Voice	Speaker	Description
`af`	0	American female (default)
`af_bella`	1	American female — Bella
`af_nicole`	2	American female — Nicole
`af_sarah`	3	American female — Sarah
`af_sky`	4	American female — Sky
`am_adam`	5	American male — Adam
`am_michael`	6	American male — Michael
`bf_emma`	7	British female — Emma
`bf_isabella`	8	British female — Isabella
`bm_george`	9	British male — George
`bm_lewis`	10	British male — Lewis

Aliases: af_heart → af_bella, default → af.
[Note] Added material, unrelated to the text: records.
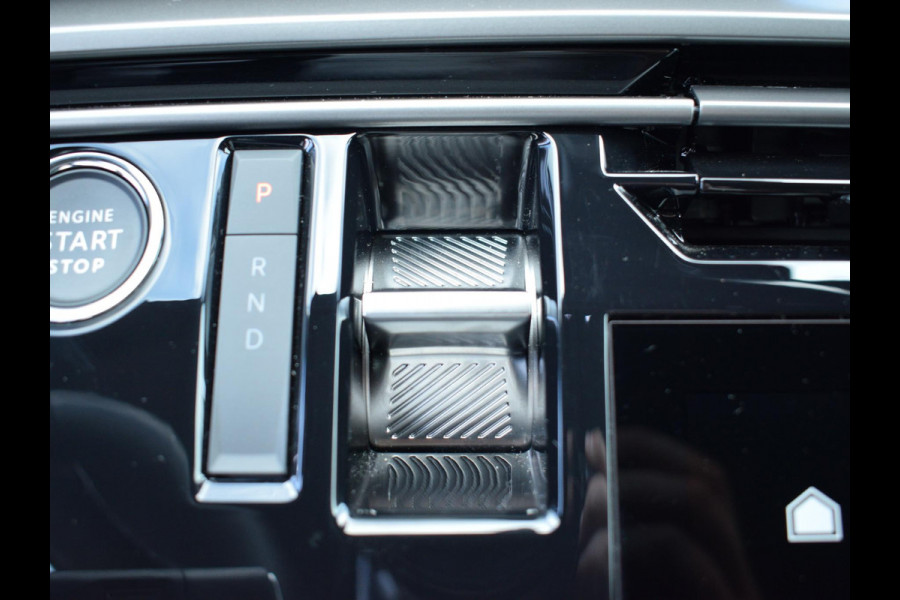 Peugeot E-3008 Allure 73 kWh ADAPTIEVE CRUISECONTROL | 360 CAMERA | NAVI & CARPLAY | E.C.C. | Peugeot E-3008 Allure 73 kWh ADAPTIEVE CRUISECONTROL | 360 CAMERA | NAVI & CARPLAY | E.C.C. |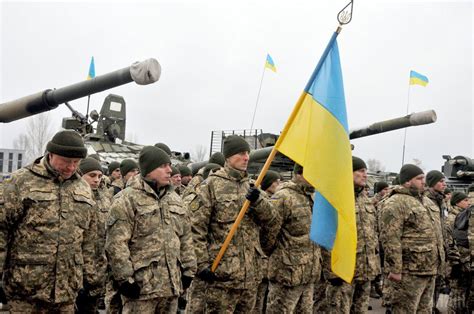 Цим зумовлено моє рішення встановити день захисника україни саме 14 жовтня, який має стати святковим для сучасних воїнів та суспільства в цілому. 14 жовтня - свято Покрови, День захисника України та козацтва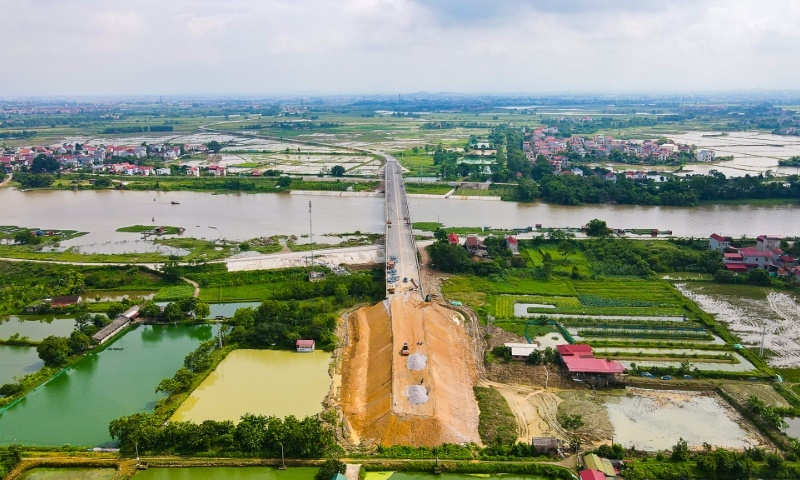 Bắc Giang: Cầu hoàn thành gần 1 năm nhưng người dân qua sông vẫn phải “lụy đò”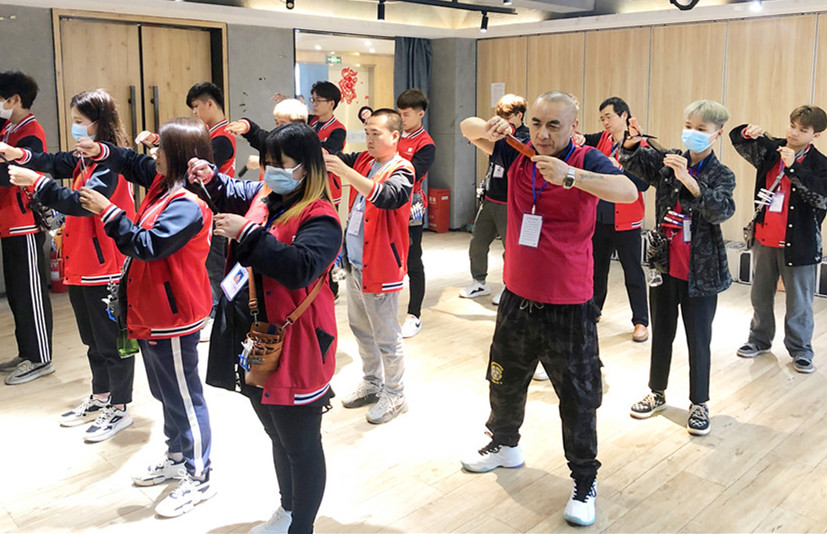 美發(fā)剪刀操作注意事項，南寧美發(fā)師培訓(xùn)基礎(chǔ)課程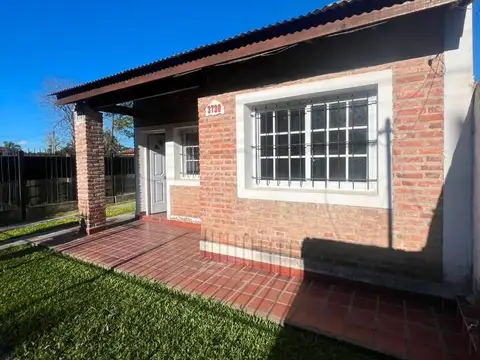 Casa en alquiler- Marcos Paz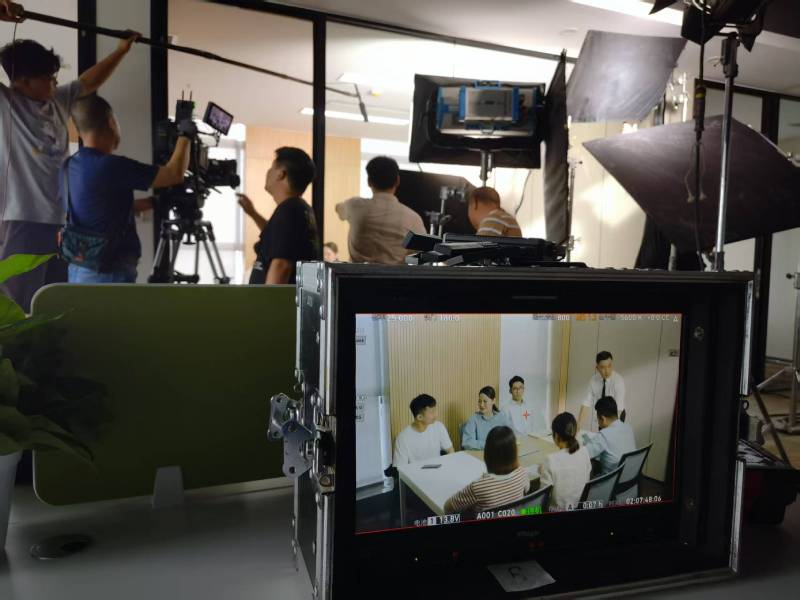 泰宁县TVC拍摄公司：科技产品视觉化大师，诠释未来感与功能美学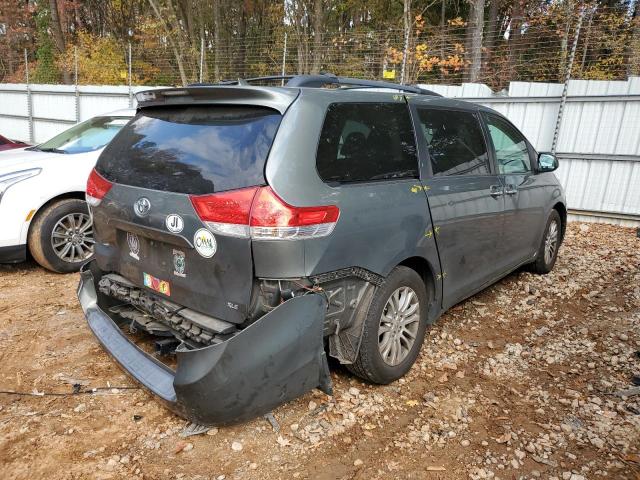 Photo 3 VIN: 5TDYK3DC9BS045943 - TOYOTA SIENNA XLE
Model bundles are downloaded automatically on first startup. STT degrades gracefully to 5xx if the bundle is unavailable; TTS fails on first call.

Health during startup

Model loading can take several minutes on a cold start. A minimal health endpoint is served immediately on startup and reports {"status": "starting"} until models are ready. This prevents hero_proc health probes from flapping during the load window.

Build

cargo build -p hero_voice_provider

Cross-compile to musl targets (Linux x86_64 / aarch64) is supported via the build.rs shim that resolves missing symbols in older musl sysroots.